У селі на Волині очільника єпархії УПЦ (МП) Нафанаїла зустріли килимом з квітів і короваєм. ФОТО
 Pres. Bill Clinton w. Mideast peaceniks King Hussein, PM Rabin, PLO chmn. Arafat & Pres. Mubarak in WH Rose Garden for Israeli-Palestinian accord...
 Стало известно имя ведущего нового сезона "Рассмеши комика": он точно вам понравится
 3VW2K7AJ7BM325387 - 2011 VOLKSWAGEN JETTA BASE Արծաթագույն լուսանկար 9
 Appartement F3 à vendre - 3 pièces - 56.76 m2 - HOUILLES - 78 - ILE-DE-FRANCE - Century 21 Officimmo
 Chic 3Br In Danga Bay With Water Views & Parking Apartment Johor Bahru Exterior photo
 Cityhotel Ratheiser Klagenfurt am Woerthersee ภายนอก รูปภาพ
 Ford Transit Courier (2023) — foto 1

### WORK REQUIRED
Print each record again. Nothing may be left out.

### TASK ANSWER
У селі на Волині очільника єпархії УПЦ (МП) Нафанаїла зустріли килимом з квітів і короваєм. ФОТО
 Pres. Bill Clinton w. Mideast peaceniks King Hussein, PM Rabin, PLO chmn. Arafat & Pres. Mubarak in WH Rose Garden for Israeli-Palestinian accord...
 Стало известно имя ведущего нового сезона "Рассмеши комика": он точно вам понравится
 3VW2K7AJ7BM325387 - 2011 VOLKSWAGEN JETTA BASE Արծաթագույն լուսանկար 9
 Appartement F3 à vendre - 3 pièces - 56.76 m2 - HOUILLES - 78 - ILE-DE-FRANCE - Century 21 Officimmo
 Chic 3Br In Danga Bay With Water Views & Parking Apartment Johor Bahru Exterior photo
 Cityhotel Ratheiser Klagenfurt am Woerthersee ภายนอก รูปภาพ
 Ford Transit Courier (2023) — foto 1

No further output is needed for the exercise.